## RECORD EXCERPTS
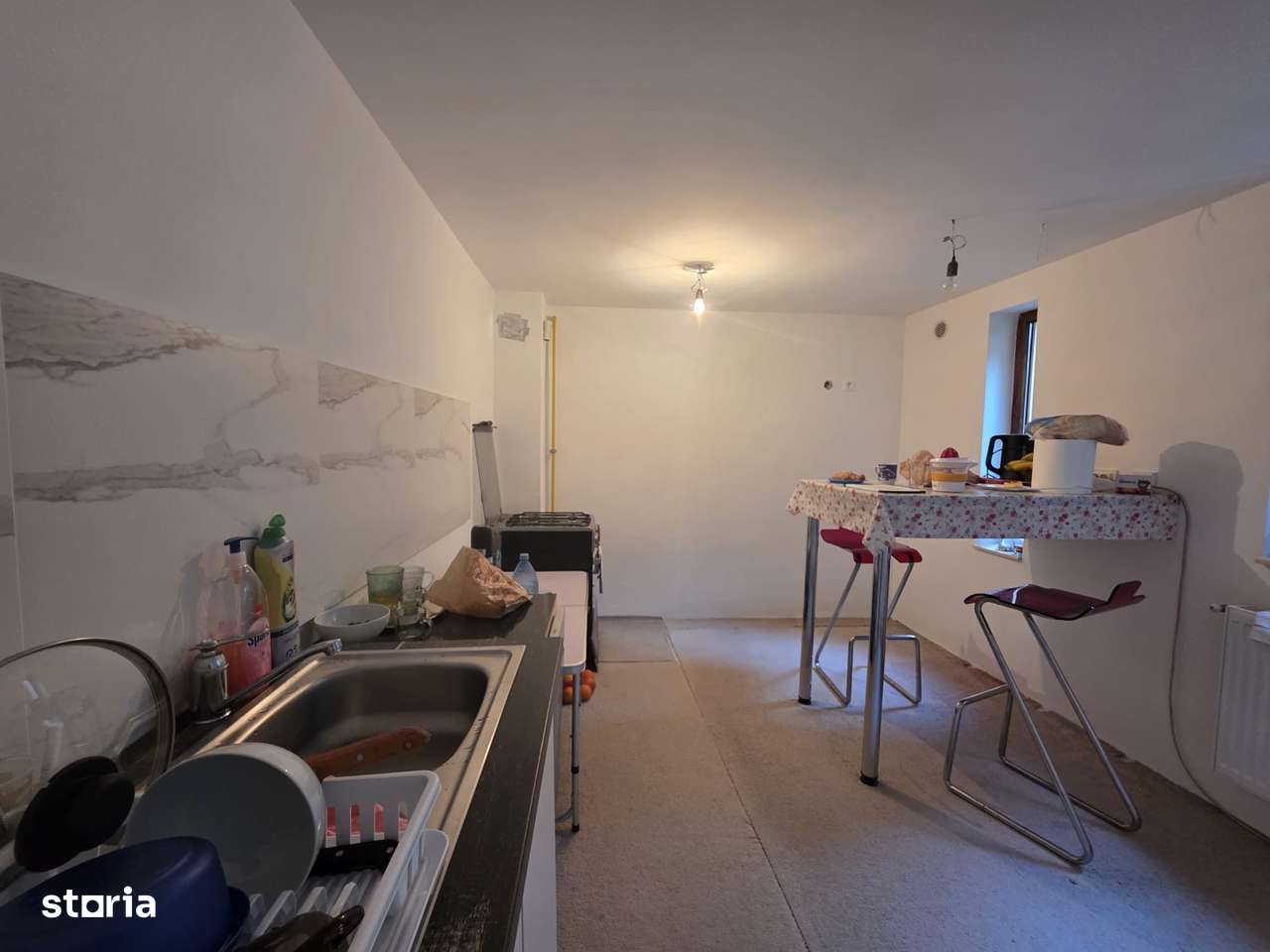 Casă renovată priveliște superbă către Cetatea Devei – Str. Călugăreni-4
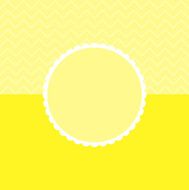 Template frame design for holiday card N8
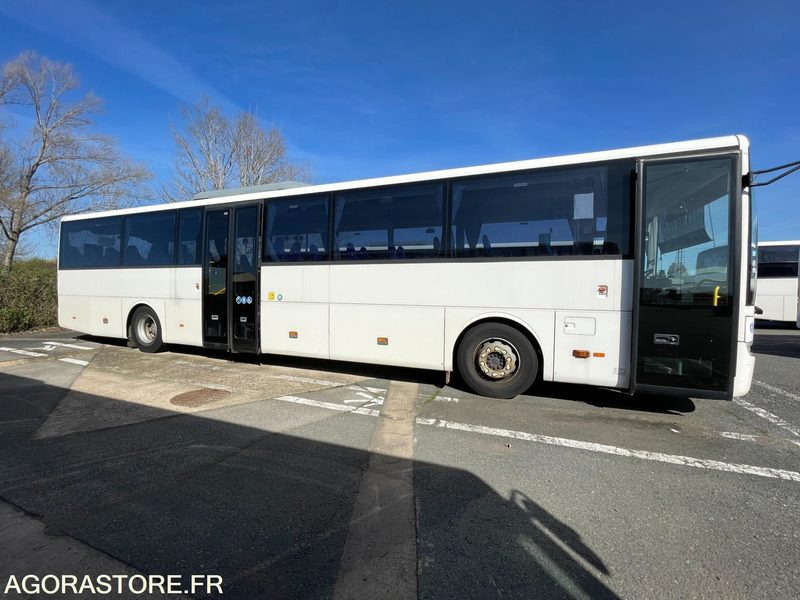 MERCEDES INTOURO M12,98m N°083269 - Minibus, Persontransport: billede 2 MERCEDES INTOURO M12,98m N°083269 - Minibus, Persontransport: billede 2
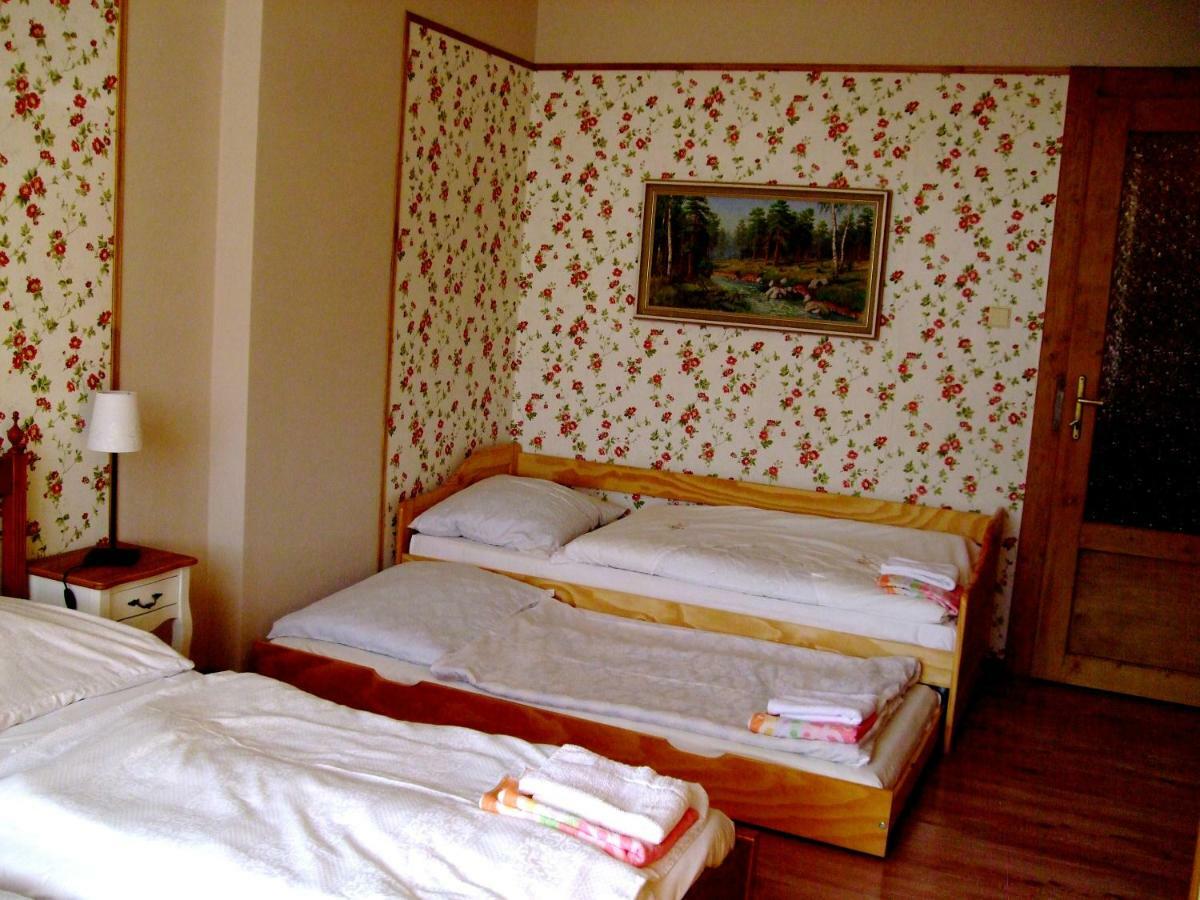 Ria Apartment Vyhlidka Карловы Вары Экстерьер фото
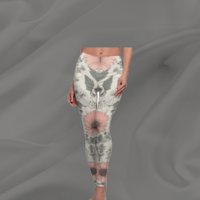 Image 3 of Dream All Year Women’s Leggings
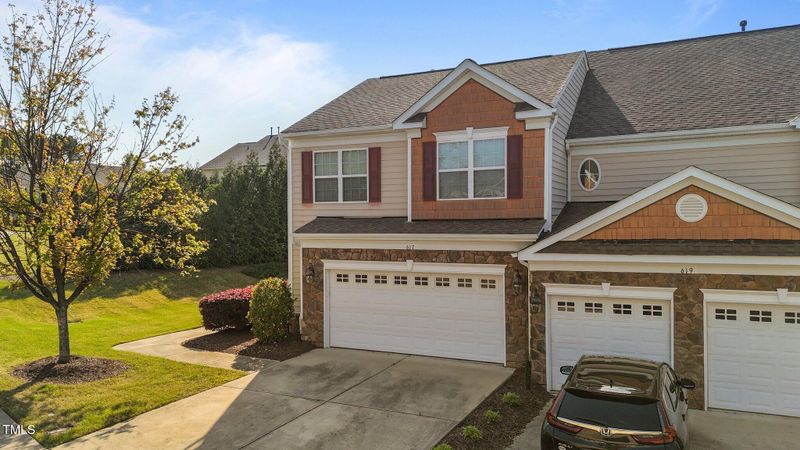 617 Sealine Dr, Cary, NC 27519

## WHAT TO WORK ON
The result should be an exact copy of every entry above, with no pictures included.

## ANSWER TO THIS PROBLEM
 Casă renovată priveliște superbă către Cetatea Devei – Str. Călugăreni-4
 Template frame design for holiday card N8
 MERCEDES INTOURO M12,98m N°083269 - Minibus, Persontransport: billede 2 MERCEDES INTOURO M12,98m N°083269 - Minibus, Persontransport: billede 2
 Ria Apartment Vyhlidka Карловы Вары Экстерьер фото
 Image 3 of Dream All Year Women’s Leggings
 617 Sealine Dr, Cary, NC 27519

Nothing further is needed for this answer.